Palantir may soon be in the S&P 500

The top 500 companies traded on U.S. exchanges find their way onto the S&P 500 index (assuming they meet certain other criteria as well), and making it into the top index is a big milestone. Being in the index means more visibility for a stock, more investors adding it to their portfolios, more index funds that track the S&P 500 adding shares, and a potentially higher share price as a result of all this added interest.

Palantir has a market cap of over $30 billion, and it's already a fairly large business. It has been doing well this year due to the growing popularity of artificial intelligence (AI) and data analysis. The company's CEO, Alex Karp, believes that the company may soon become eligible for listing on the S&P 500.

Why isn't Palantir's stock already in the index?

A key criterion for a stock to be included in the S&P 500 is that it needs to be profitable over the past four quarters.
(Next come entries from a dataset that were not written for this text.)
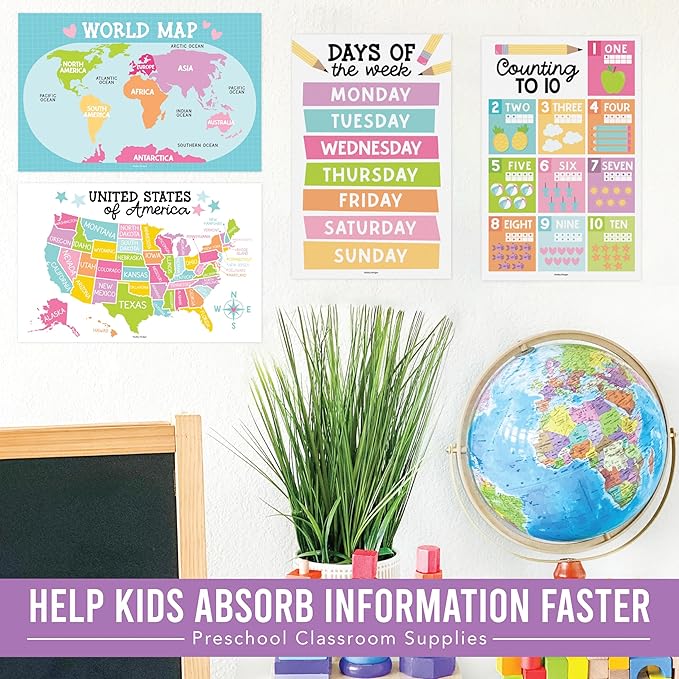 Hadley Designs 16 Educational Posters for Classroom Decor - Pastel Educational Posters for Toddlers 1-3, Toddler Learning Poster for Kids Ages 3-5, Kindergarten & Preschool Classroom Must Haves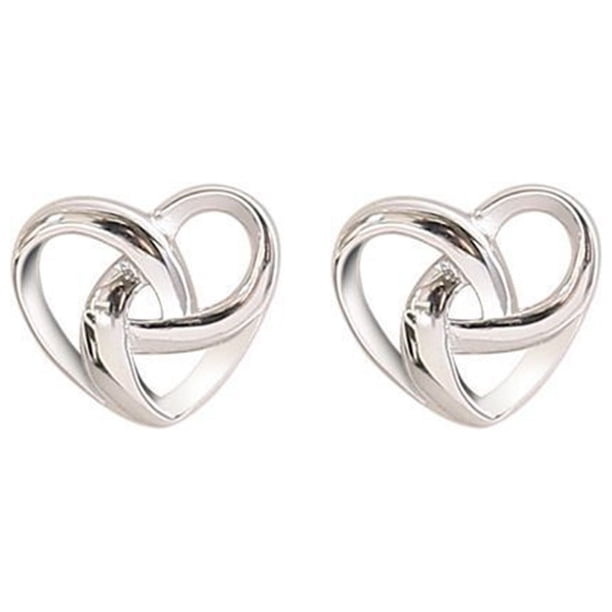 Aros elegantes de joyería, un corazón blanco, par/juego, pendientes de mujer, pendientes de plata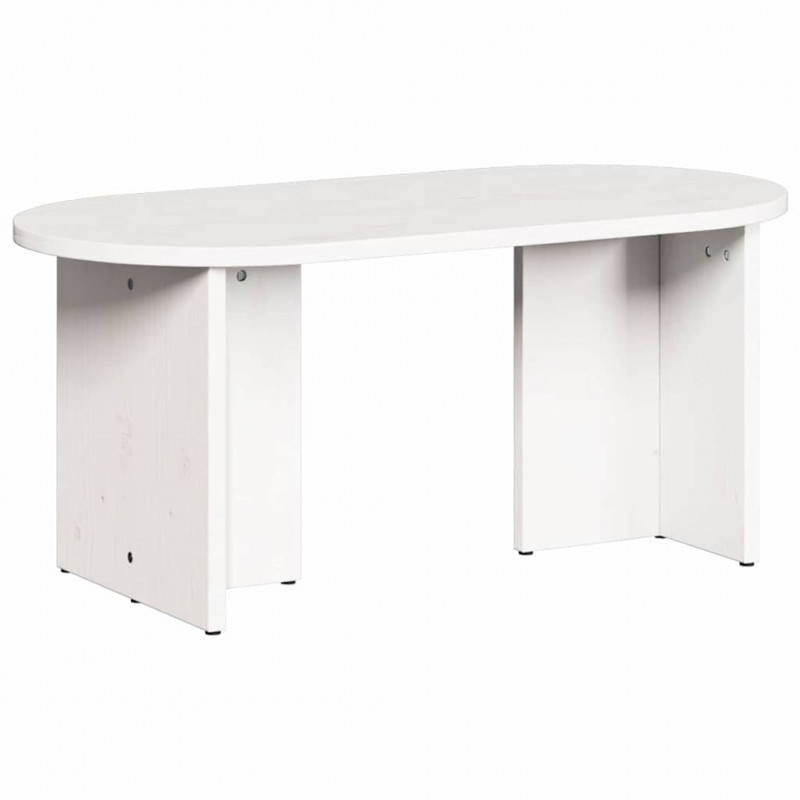 Stolik kawowy Biały 80 x 39,5 x 35 cm Lite drewno sosnowe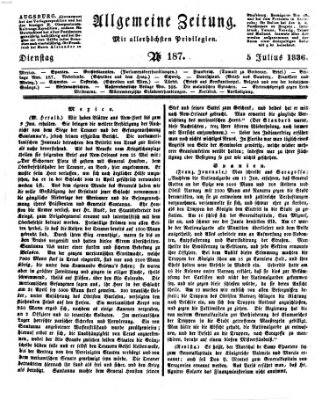 Allgemeine Zeitung Dienstag 5. Juli 1836
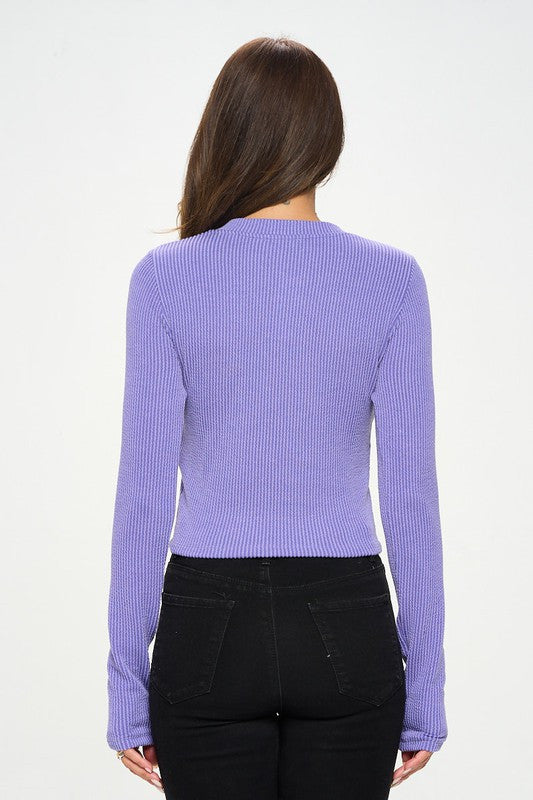 Ribbed Round neck Long Sleeve Crop Top-3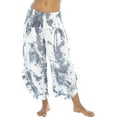 thumbnail image 1 of Snoarin Summer Plus Size Pull On Capris for Women Casual Pants With Eastic Waist, Solid Color Splashed Ink Print, Tie Dyed Ink, Seven Point Loose Wide Leg Pants Trousers for Women on Clearance, 1 of 4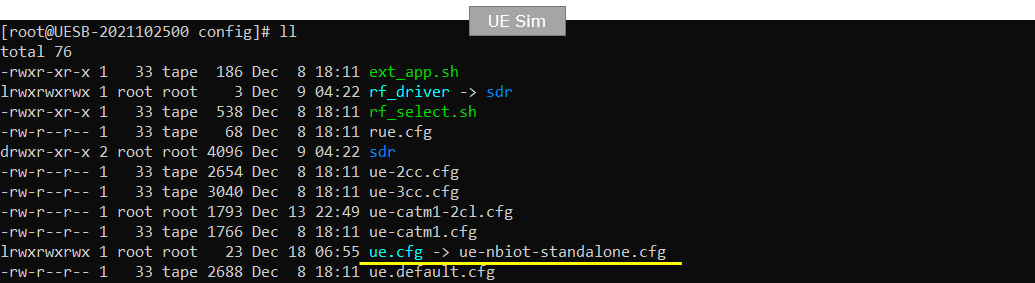 LTE NB standalone UEsim Config 01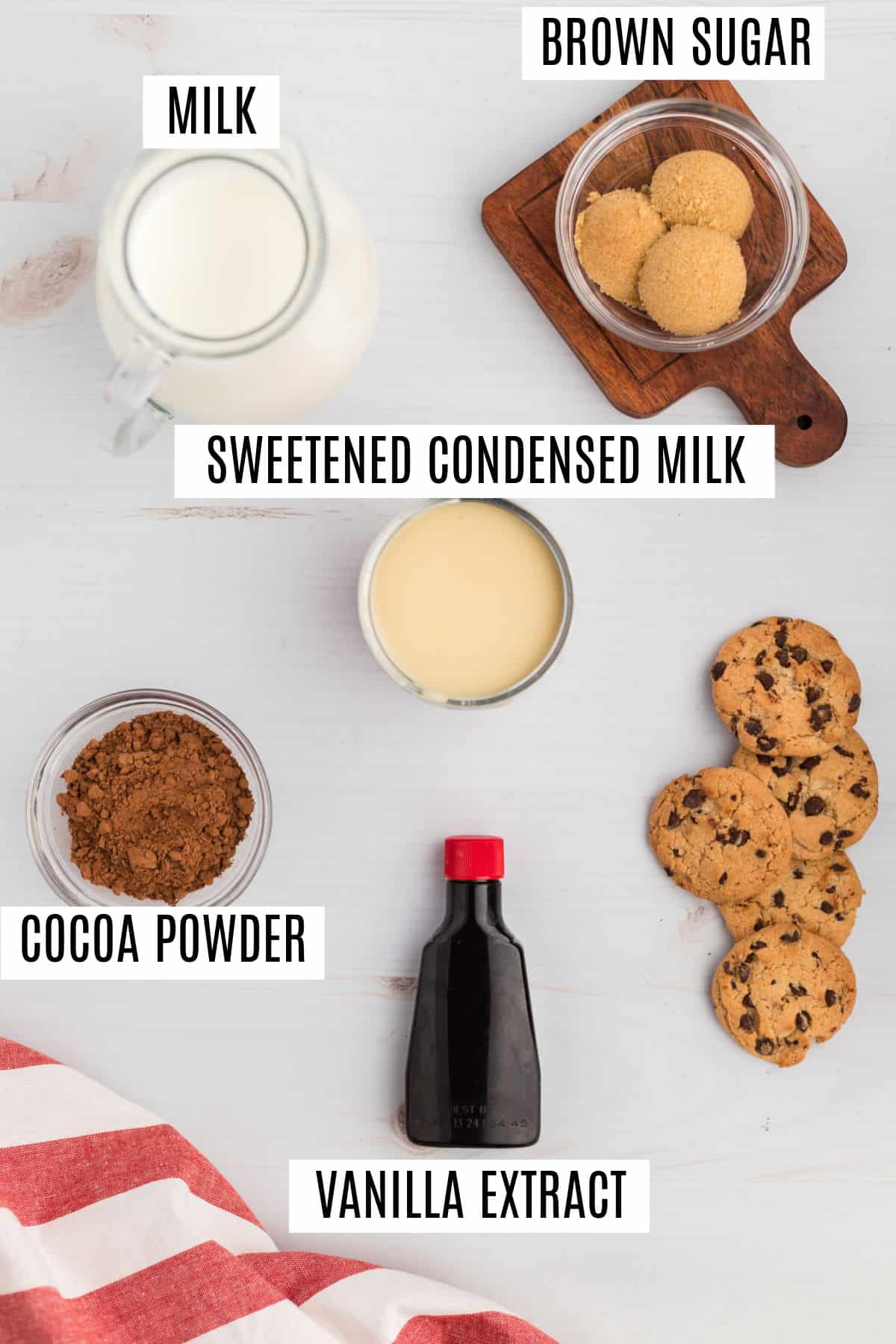 Ingredients needed for chocolate chip cookie coffee creamer.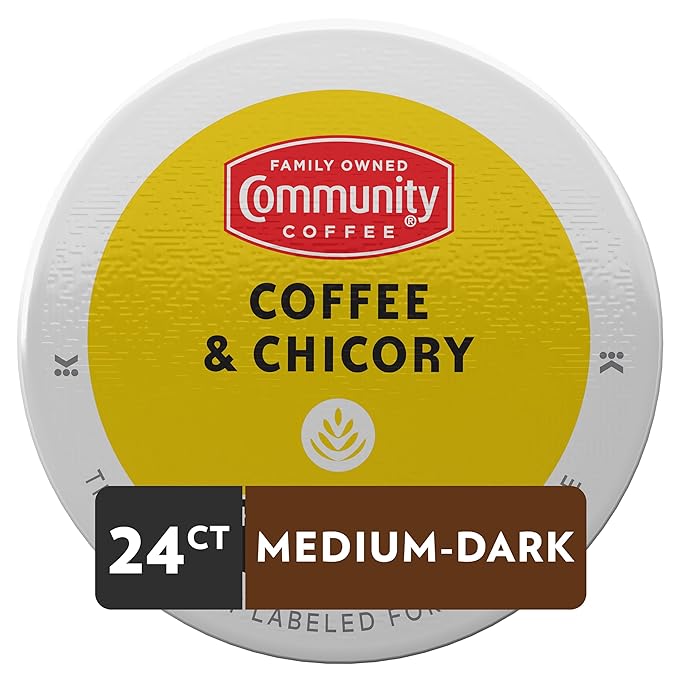 Community Coffee & Chicory 24 Count Coffee Pods, Medium-Dark Roast, Compatible with Keurig 2.0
That's what's currently holding Palantir's business back because, while it has been profitable for three straight quarters, over the trailing 12 months its bottom line remains in the red:

PLTR Net Income (TTM) Chart.

PLTR Net Income (TTM) data by YCharts.

Palantir's business is trending in the right direction, and Karp believes that after the company's next round of quarterly results, which will come out in November, and Palantir presumably posts another profit, it will be able to clear that hurdle. 
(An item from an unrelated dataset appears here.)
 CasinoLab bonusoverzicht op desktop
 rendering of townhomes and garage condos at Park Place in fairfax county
That doesn't, however, mean that Palantir will automatically get added to the index. A committee still has to agree to add the stock to the S&P 500. So even though Palantir's stock may seem like a safe bet to make it in there, given its size, liquidity, and profitability, it could still take some time before it makes it into the index.

Palantir's results have been improving

Palantir has been an exciting growth stock to own in recent years, but the big knock on it has been that its operations weren't profitable. And that's likely a key reason that shares of the company fell by 65% last year. As investors grew concerned about stocks amid rising inflation, they dumped unprofitable and risky growth stocks in the process.

Now, with Palantir expecting positive net income for each quarter of 2023 and still expecting revenue growth, it has found its way back into the good graces of investors. Last quarter, for the period ending June 30, sales of $533.3 million grew at a rate of 13%. And net income of $28.1 million was a significant improvement from the $179.3 million loss Palantir recorded in the same period last year. 

Is Palantir's stock a buy?

Palantir isn't a cheap stock to own as it trades at 63 times its estimated future profits and more than 10 times its book value. Even if the company continues to grow and the stock does rise in value once it gets added to the S&P 500, the risk is that investors are already pricing in a lot of its future growth. There could be significant downside risk to owning the stock at such an inflated price tag.

I would wait until at least another quarter or two to see how the company's growth rate is doing and to see if Palantir's AI offerings are starting to pay off. With a 13% growth rate last quarter, that doesn't exactly scream growth right now, which is why I would take a wait-and-see approach with the stock for the time being.